Among neighborhoods within 5 miles, East End leans more Democratic than 29 of 56 neighbors.

East End runs about 45 points more Democratic than California as a whole.

Politics vary noticeably by block within East End. The south side is the most Democratic-leaning (D+70) and the east side is the least Democratic-leaning (D+59), a spread of about 10 points.

Why East End leans the way it does

This analysis examined 14,881 data points per neighborhood to find what predicts political lean and turnout. The items below are a few correlations that stood out for East End, not a ranked or complete list of what matters most.

Areas with high college attainment vote Democratic. About 65% of adults in East End hold a bachelor's degree, about 37 points above the U.S. average of 28%.

Preventive-care access and voter turnout

Places with strong routine preventive-care access tend to turn out at a higher rate; East End, Alameda, CA sits in the top quarter nationally on this measure. Dental visits do not drive turnout; the rate reflects income, insurance, and healthcare access, which line up with who votes.

Why turnout in East End looks the way it does

Areas with strong routine healthcare access turn out at higher rates. East End is in the top quarter nationally for routine-care measures such as insurance coverage, preventive screenings, and dental visits.

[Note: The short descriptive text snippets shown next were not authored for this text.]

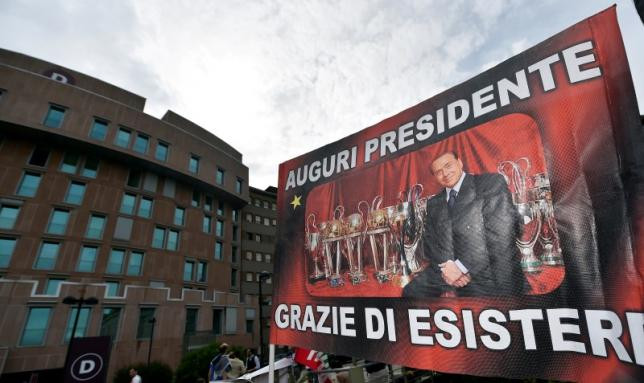 Πανό «Forza Silvio» έξω από το νοσοκομείο – «Καλά πήγε» η επέμβαση Μπερλουσκόνι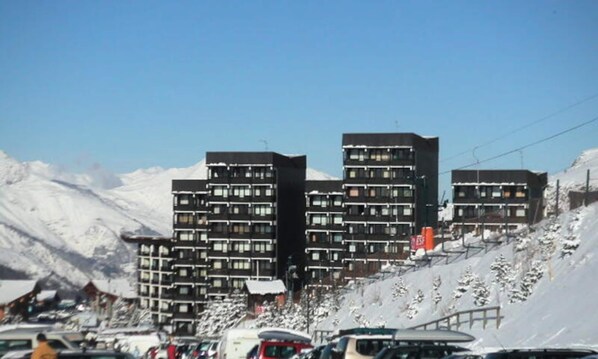 Exterior - Bright & Welcoming Apartment At the Foot of the Slopes Balcony (Les Belleville)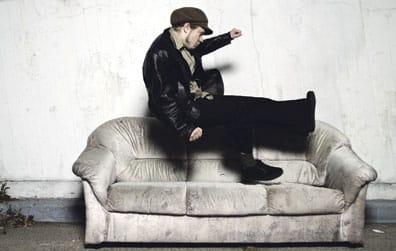 Tuomo, älä hypi sohvalla.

The dental-visit rate here is about 71%, about 11 points above the U.S. average of 60%. Learn more about the findings and methodology on the political spectrum map.

Sources and methodology

Precinct-level voting records used to fit the model come from California Secretary of State, Elections, distributed by the Voting and Election Science Team. Demographic inputs come from the U.S. Census Bureau (ACS 5-year estimates and the 2020 Decennial Census). Health and environmental inputs come from the CDC (PLACES and the Environmental Justice Index). Land cover comes from the USGS and EPA. Election-day and lead-up weather come from PRISM 4km daily grids and the NOAA Global Historical Climatology Network. Mail-voting and election-administration patterns come from the MIT Election Lab's Survey of the Performance of American Elections. Block-group crime detail comes from CrimeGrade. Internet data and modeling support provided by ISPreports.org.

Modeling and analysis by the BestNeighborhood data science team. Full methodology and findings: political spectrum map.

Methodology reviewed by the BestNeighborhood data team. Last updated May 2026.